I’m here, I’m not late, I should go for a wee.
Ok, I’m back- find the MC. Am I talking to much? I’m definitely smiling too much. Line up? YES there’s another woman. Now that I’m not having to represent ALL women comedians on my own tonight, I can relax, think about set. I’m on in the second half, OK, I’d better just pop for a wee.
Right, so- check out the audience. No women over 30 obvs. There goes all my birth stuff and aging fanny stuff. Young single blokes mainly – so basically no observational material tonight. I’ll not win over this audience of hipsters with the ‘pissing myself on a trampoline’ bit, they won’t be wiping the tears away crying, ‘That’s sooo TRUE’. Also hard to tell shagging jokes when you’re basically their mum. Just about to start, better go for one last wee.

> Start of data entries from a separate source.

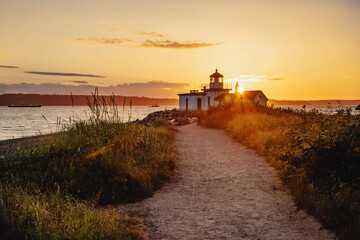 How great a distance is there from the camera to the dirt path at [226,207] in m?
5.03

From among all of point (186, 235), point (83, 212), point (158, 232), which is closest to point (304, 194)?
point (186, 235)

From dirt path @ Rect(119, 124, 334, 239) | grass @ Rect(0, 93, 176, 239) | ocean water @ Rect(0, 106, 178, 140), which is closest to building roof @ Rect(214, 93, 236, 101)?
ocean water @ Rect(0, 106, 178, 140)

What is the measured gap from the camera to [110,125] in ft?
32.6

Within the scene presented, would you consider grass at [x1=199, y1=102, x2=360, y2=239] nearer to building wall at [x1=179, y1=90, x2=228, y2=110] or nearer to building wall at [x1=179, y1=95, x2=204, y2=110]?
building wall at [x1=179, y1=90, x2=228, y2=110]

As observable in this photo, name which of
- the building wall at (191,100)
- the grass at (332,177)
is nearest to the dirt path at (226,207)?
the grass at (332,177)

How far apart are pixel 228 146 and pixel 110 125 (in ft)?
20.1

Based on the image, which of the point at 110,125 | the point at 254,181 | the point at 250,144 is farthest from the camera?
the point at 250,144

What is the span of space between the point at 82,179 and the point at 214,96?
45.6 metres

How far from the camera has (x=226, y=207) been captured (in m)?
6.23

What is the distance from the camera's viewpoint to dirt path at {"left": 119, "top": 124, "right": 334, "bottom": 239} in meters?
5.03

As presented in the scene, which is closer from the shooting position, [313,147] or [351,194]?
[351,194]

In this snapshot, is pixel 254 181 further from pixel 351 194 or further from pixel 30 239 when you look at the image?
pixel 30 239

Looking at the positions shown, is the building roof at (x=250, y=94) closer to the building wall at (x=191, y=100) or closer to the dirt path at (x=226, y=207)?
the building wall at (x=191, y=100)

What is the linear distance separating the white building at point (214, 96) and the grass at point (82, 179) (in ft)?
126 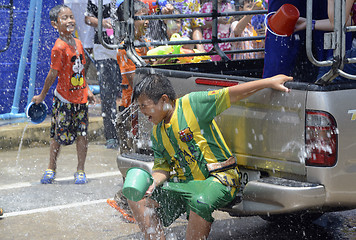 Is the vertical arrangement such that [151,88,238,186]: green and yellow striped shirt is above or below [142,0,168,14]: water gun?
below

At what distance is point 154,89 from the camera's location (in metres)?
4.13

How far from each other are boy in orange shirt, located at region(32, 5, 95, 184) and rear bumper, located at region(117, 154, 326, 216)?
9.92 feet

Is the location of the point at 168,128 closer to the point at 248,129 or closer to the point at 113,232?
the point at 248,129

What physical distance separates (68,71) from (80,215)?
1816 mm

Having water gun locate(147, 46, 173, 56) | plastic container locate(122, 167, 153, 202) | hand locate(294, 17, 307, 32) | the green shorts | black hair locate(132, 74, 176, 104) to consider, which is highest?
hand locate(294, 17, 307, 32)

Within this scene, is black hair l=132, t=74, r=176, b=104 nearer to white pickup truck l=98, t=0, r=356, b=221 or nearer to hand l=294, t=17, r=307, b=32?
white pickup truck l=98, t=0, r=356, b=221

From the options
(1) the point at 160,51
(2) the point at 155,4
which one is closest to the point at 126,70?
(1) the point at 160,51

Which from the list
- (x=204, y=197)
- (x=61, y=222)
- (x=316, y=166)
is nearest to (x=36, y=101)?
(x=61, y=222)

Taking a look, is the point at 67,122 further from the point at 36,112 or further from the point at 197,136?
the point at 197,136

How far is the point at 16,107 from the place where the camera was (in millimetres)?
9602

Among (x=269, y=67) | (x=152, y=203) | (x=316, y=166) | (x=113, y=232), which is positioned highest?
(x=269, y=67)

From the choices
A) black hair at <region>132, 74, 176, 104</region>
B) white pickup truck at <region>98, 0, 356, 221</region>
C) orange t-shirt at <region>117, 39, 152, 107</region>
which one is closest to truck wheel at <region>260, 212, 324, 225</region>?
white pickup truck at <region>98, 0, 356, 221</region>

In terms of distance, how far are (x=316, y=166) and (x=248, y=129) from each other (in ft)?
1.76

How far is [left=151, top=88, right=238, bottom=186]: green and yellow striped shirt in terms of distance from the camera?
410 centimetres
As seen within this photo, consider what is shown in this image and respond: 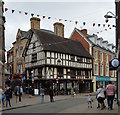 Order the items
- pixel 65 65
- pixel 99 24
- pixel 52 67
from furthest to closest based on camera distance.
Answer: pixel 65 65
pixel 52 67
pixel 99 24

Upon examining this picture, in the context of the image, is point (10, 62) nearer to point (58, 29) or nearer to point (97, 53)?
point (58, 29)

This is a good night, enjoying the acts so far- this bloke doesn’t seem to be doing so well, poor guy he’s… wait, was that a twisted rape joke? Was he being ironic? Am I a bitch if I don’t laugh? No, it’s ok, no one else is laughing- hang on, should I feel sorry for him? No, fuck him, he told a really nasty joke, stop being nice- be angry. Wow this guy really hates women, this just got weird, he’ll probably switch to paedophile jokes in a… there we go. God this is awkward, please finish and leave so we can get this over with. I can’t believe he’s actually running over. So glad I’m not going on next, he’s killed the room – Oooh get me ‘killed the room’ like a proper comedian.
Interval. One good thing about comedy nights- only time there’s never a queue for the ladies.
Chatting with the other acts, turns out the woman-hater is a bit of a legend on the circuit, apparently he’s an adorable eccentric. The other acts are great, a few I’ve gigged with before, others I know from Facebook posts. One obnoxious 20-year-old whose set I thought was a bit boring, reckons he’s a total pro and has decided we all need to benefit from his wisdom, which is fun. Apparently I should focus on talking about ‘what I know’. I point out that’s a bit hard when you have so little shared experience with the audience, he just shrugs and says ‘Hey, funny is funny’. I imagine headbutting him in the face and watching him try to reassemble his shattered nose with blood drenched fingers while I laugh cos, you know, funny is funny. I smile and say, ‘Yeah, good point, thanks’.
Right second half, quick wee before I go on.
The other female act is on, what is she wearing, is that a tank top? It makes her boobs look huge. Am I judging another woman based on what she looks like? Oh great, I’m as bad as the rape joke guy now. Focus on her jokes, focus on her jokes, stop looking at her breasts, is she wearing a bra? Stop it, look at her face. That was a good line, she’s funny. Of course, THAT’s her most prominent feature, it doesn’t matter what she’s wearing. I’m not a horrendously judgemental rubbish feminist, I know that she is defined by what she says not what she looks like and above all SHE IS FUNNY. That is what I shall take away from her performance. That is what I’ll remember when I look back at this gig. When I’m at home in bed tonight I’ll think, ‘Hey, tits-girl was hilarious’.
The bloke with the glasses is doing a bit about how hard it is being single when you’re a geek. His girlfriend and I are loving it. Now it’s me. I’m up. God I love this.